This is an interesting story about the death and burial of Isabella Marshall CHRISP nee ANDERSON who died aged 61 at Brentford, London in 1911.
The story, for me, opened with receipt of an email from Colin Fenn, a Friend of West Norwood Cemetery in South London, where as he described “is a most unusual memorial to Isabella Robson (- 1853), William Robson (-1853) of Norwood and Isabella M Chrisp (-1911) who took over the grave from William as ‘next of kin’. Colin had seen my website records of CHRISP and ROBSON names.
Isabella Marshall ANDERSON had married Edmund son of James CHRISP and Catharine ROBSON the daughter of William mentioned above. Isabella was the granddaughter of William Robson
Papers Past ( The Poverty Bay Herald ) 17 August 1911), as one would expect, immediately obliged with information allowing Colin to further his interest in the “most unusual memorial”.
Further research showed that the Occupation of Isabella’s grandfather William ROBSON recorded as ‘Stonemason’.
This information provided an answer to Colin’s question concerning “next of kin” status for Isabella CHRISP. She correctly fitted the status of being William Robson’s closest living blood relative.
Colin also is interested in why the Cemetery Register, unusually, does not show a purchase price for the plot. One could speculate that this was a perquisite related to William Robson’s position within the Cemetery and the tomb was constructed as proud example of the work of the artisan, William Robson.
It would seem then that the selection of a resting place upon Isabella’s death in London was a matter of coincidence and convenience. Of note here is that I have unconfirmed as yet information that Isabella’s Grandmother, Catharine Robson (wife of William Robson) had died in 1901, and was buried in Gisborne, New Zealand – Isabella’s adopted home town since her arrival in New Zealand in 1880.
Colin also expressed an interest in the construction of the Tomb. The memorial in the foreground of this photograph is an artificial stone – a sort of Pulhamite shaped into a “rockery”. The scroll on the top is illegible and Colin has cleared an area around it and exposed the small arch at the front and the crucifixes down the side. This is unusual and in Colin’s experience, unique; perhaps a demonstration of the work of an artisan.
This is the latest of the emails I received from Colin:
The cemetery register I showed you was the ‘purchase register’, this is a special type of register that is kept in the offices of the Victorian private cemeteries, you won’t see it through Ancestry or other digital companies (though I’m working to change that!)
It shows how much they paid for the plot to be dug and leased to them – Private graves like this were normally leased ‘in perpetuity’, though that’s been a bit problematic in recent times.
As a stonemason he may have had a special mate’s rates for the memorial, but this would not be recorded in the register. A basic private plot in Norwood cost 3 guineas (3 pound 3 shillings) – a heck of a lot for an artisan (about 2 months wages) and well beyond the reach of the poor, who typically couldn’t even afford 15 shillings for a common grave in a churchyard.
And that is before that added on the funeral costs, which might be 20 to 60 pounds for a gentleman of the ‘middling sort’. Then 6 months later, when the ground has settled, they may pay pounds for a headstone or something grander – directly opposite him is a mausoleum that cost £1,500!!!
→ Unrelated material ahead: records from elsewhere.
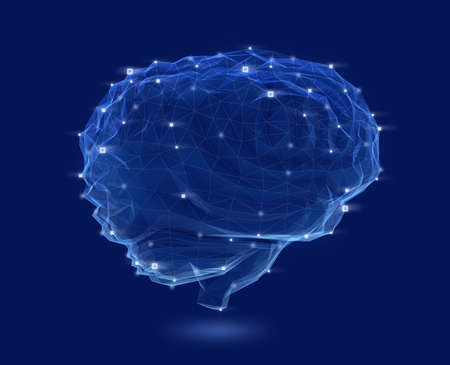 Low poly brain model with wireframe isolated on dark blue background. Concept for artificial intelligence. 3D rendering image.の写真素材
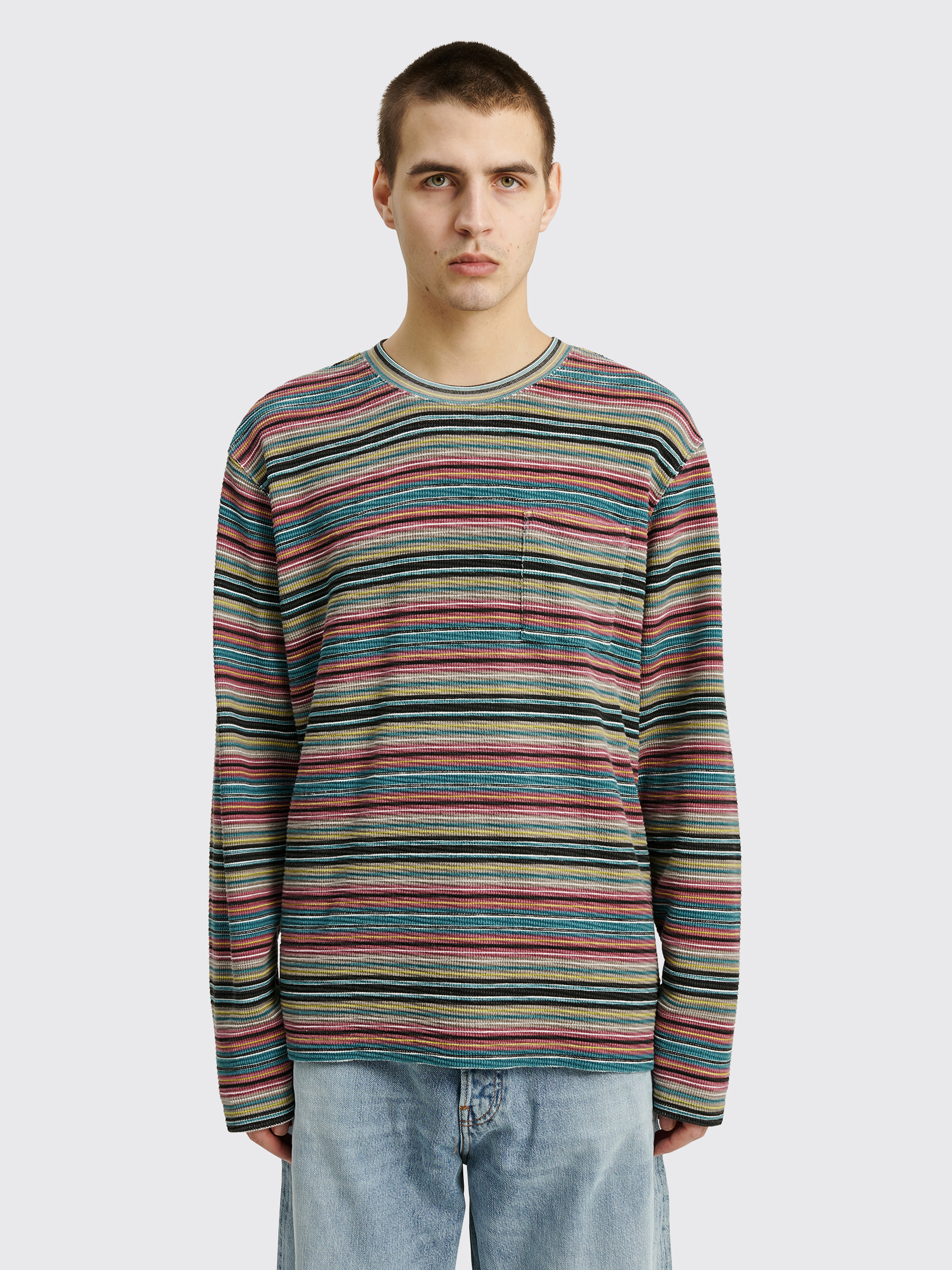 Très Bien - Stüssy Printed Muli Stripe LS Crew Sweater Khaki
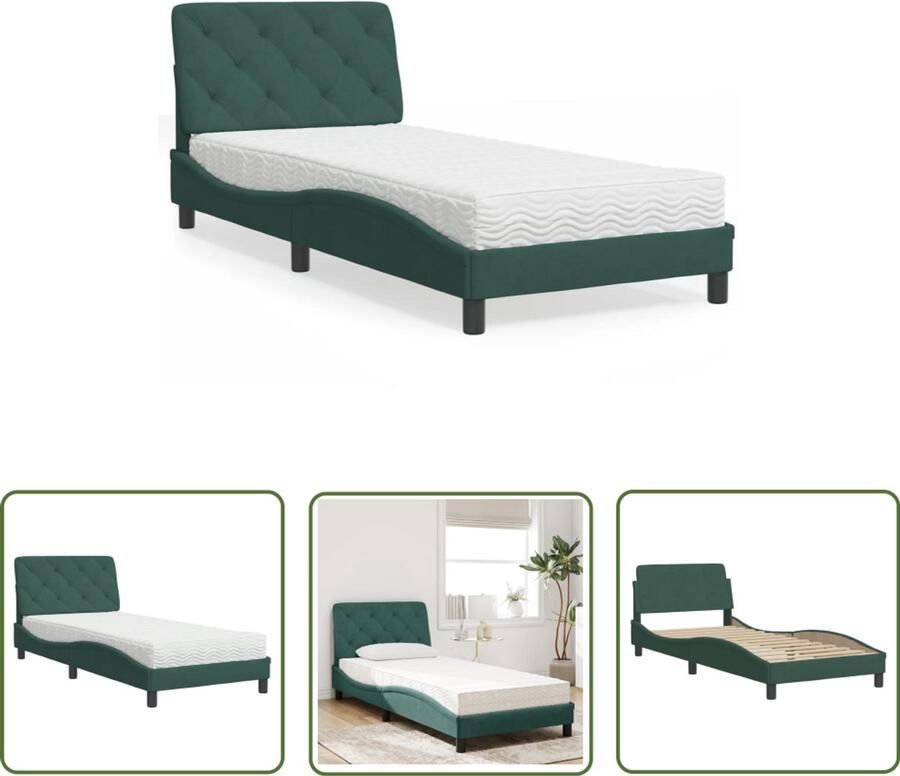 VidaXL Fluweel Bed Slaapcomfort Bed met matras fluweel donkergroen 90x190 cm Donkere Kleuren Boxspring Look King Size Bed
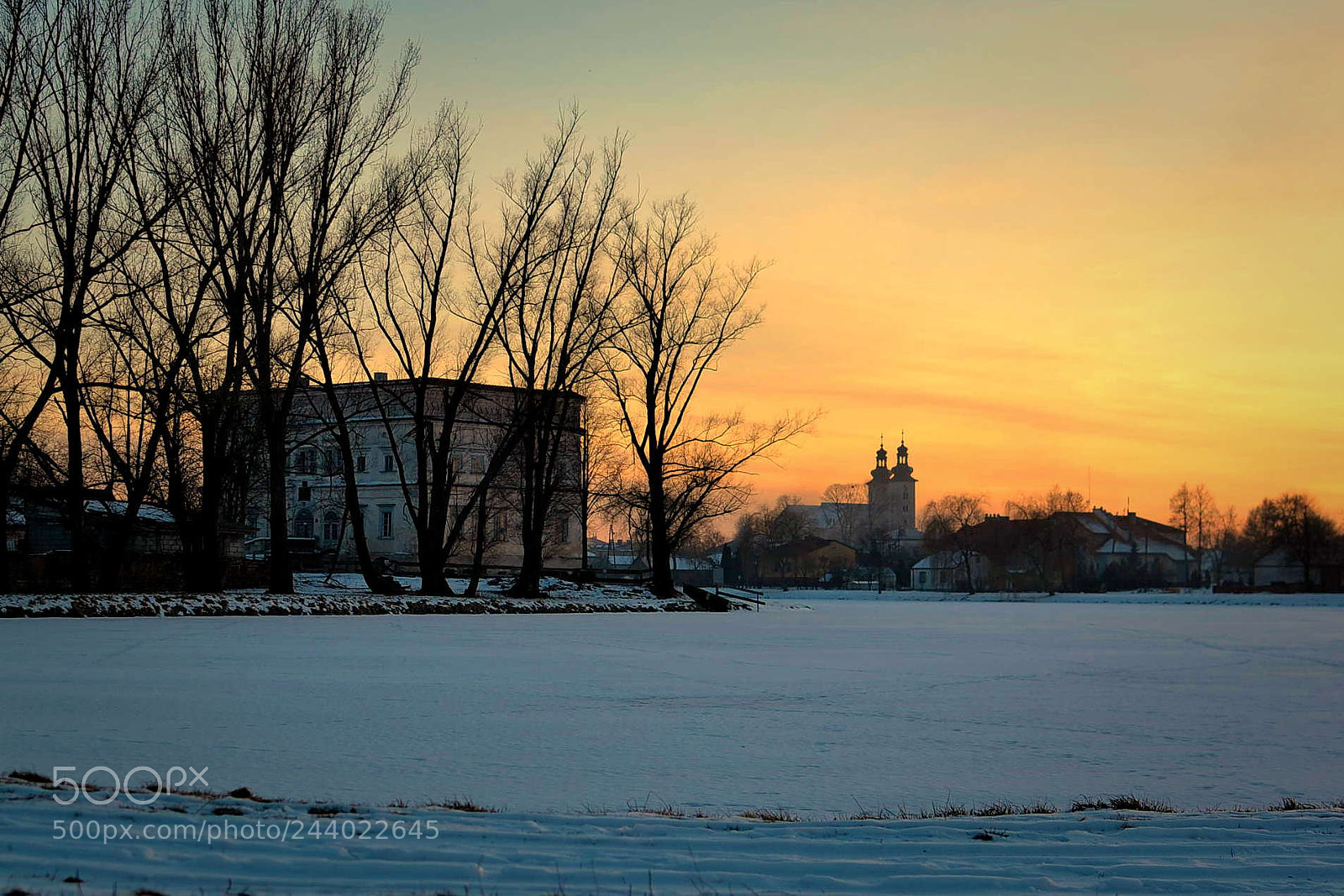 Nikon D3100 + Nikon AF-S DX Nikkor 35mm F1.8G sample photo. Frozen sunset photography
So whenever we see people in private graves in Norwood we know that they are of a certain social rank. The unusual material has long intrigued me and suggested that we are dealing with some special circumstances.
The Robson-Chrisp memorial was also at an important location, on the corner of two roads. These were normally sold at a premium so its very odd that there is no price recorded. (In fact, I can’t think of another entry where its not recorded, even if its discounted.)
Stonemasons may have been simple building tradesmen who knocked up dimension stones for housebuilding, or they may have been specialists who did carving and fancy things, or employed big teams of masons.
But stonemasons in Norwood were typically associated with the funeral trade… The funeral industry was for a long time – and still is, to some lesser extent – a family business, with various family members acting as masons, undertaker, and managers. That brings me onto the thought that Wm Robson may have been related to Robson the cemetery superintendent. When he died the road next to the cemetery was renamed from Cemetery Rd to Robson Rd .
Hmm, some more investigation needed. When I get home I’ll look through my dictionary of sculpture for Robson….
David Robson who I have not as yet confirmed as William’s Father, was Cemetery Superintendent at West Norwood for many years.
Well there is Isabella’s story, as I know it, which I have blogged partly as trying to help Colin Fenn with his research, and to broaden my knowledge of my wider family.